Rishi Sunak gets things started on a damp day in London while races are well under way in Ireland and the US

To widespread surprise, Rishi Sunak fired the starting gun this week for the UK general election. It was an inauspiciously damp start in a rain-sodden  Downing Street to a six-week  campaign that will culminate in the country’s first July election since 1945. With opinion polls indicating an all but insurmountable lead for Labour, the prime minister will need to effect the most remarkable turnaround in British political history if he is to remain in office.

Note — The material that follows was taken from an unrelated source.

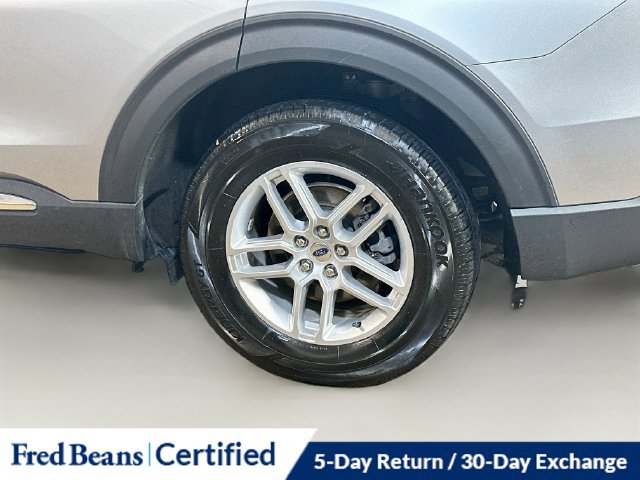 Used 2025 Ford Explorer Active AWD/4WD image 8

All eyes, therefore, are on the man who most expect will be moving into Downing Street on July 5th. This weekend, our London Correspondent Mark Paul profiles Keir Starmer’s “green army”, the three strategists with strong Irish links who are at the centre of Labour’s push for power.

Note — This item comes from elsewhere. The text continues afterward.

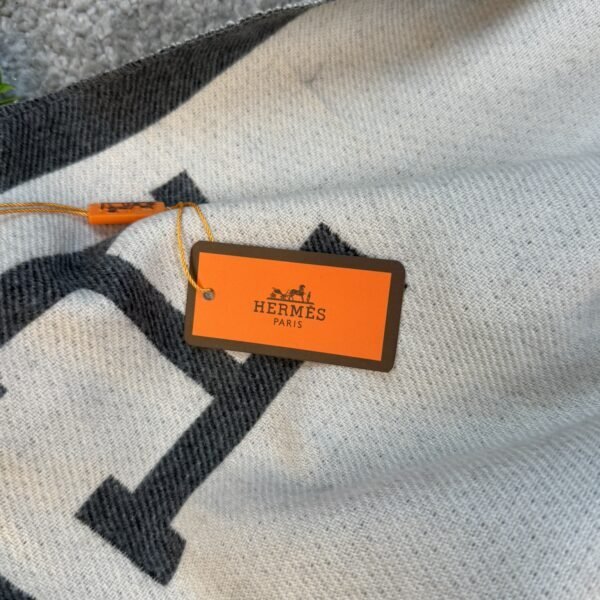 Hermes Šal Grey/White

“If Labour wins the election as expected, Britain’s next government could end up as its most green-tinged in living memory, with conspicuous Irish links at almost every political level,” writes Mark. You can follow the twists and turns of the campaign with him as he traverses the country over the next six weeks, while  our team in Belfast, Freya McClements and Seanín Graham, will be following the contest for Northern Ireland’s 18 Westminster seats.

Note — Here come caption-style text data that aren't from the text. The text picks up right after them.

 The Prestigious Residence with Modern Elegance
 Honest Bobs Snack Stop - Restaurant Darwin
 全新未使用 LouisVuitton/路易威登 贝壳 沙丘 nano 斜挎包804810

On the other side of the Atlantic, Washington Correspondent Keith Duggan is also on the campaign trail, as the battle between Joe Biden and Donald Trump intensifies. With his trial in New York drawing to a close, Trump still leads in the key battleground states and received a further fillip this week with the news that Nikki Haley, his former rival for the Republican nomination, will vote for him in November. You can follow Keith’s coverage from across the US over the next six months as he reports on this most consequential of elections. Meanwhile, our new weekly essay slot is occupied this week by Richard Ford, the Pulitzer-winning novelist behind the Frank Bascombe novels (and many others), who finds little to excite him in a contest between “these old doozies”, Biden and Trump. “I wish I didn’t think Biden’s going to lose,” Ford writes. “I’ll be joyous if I’m wrong. But there are signs.”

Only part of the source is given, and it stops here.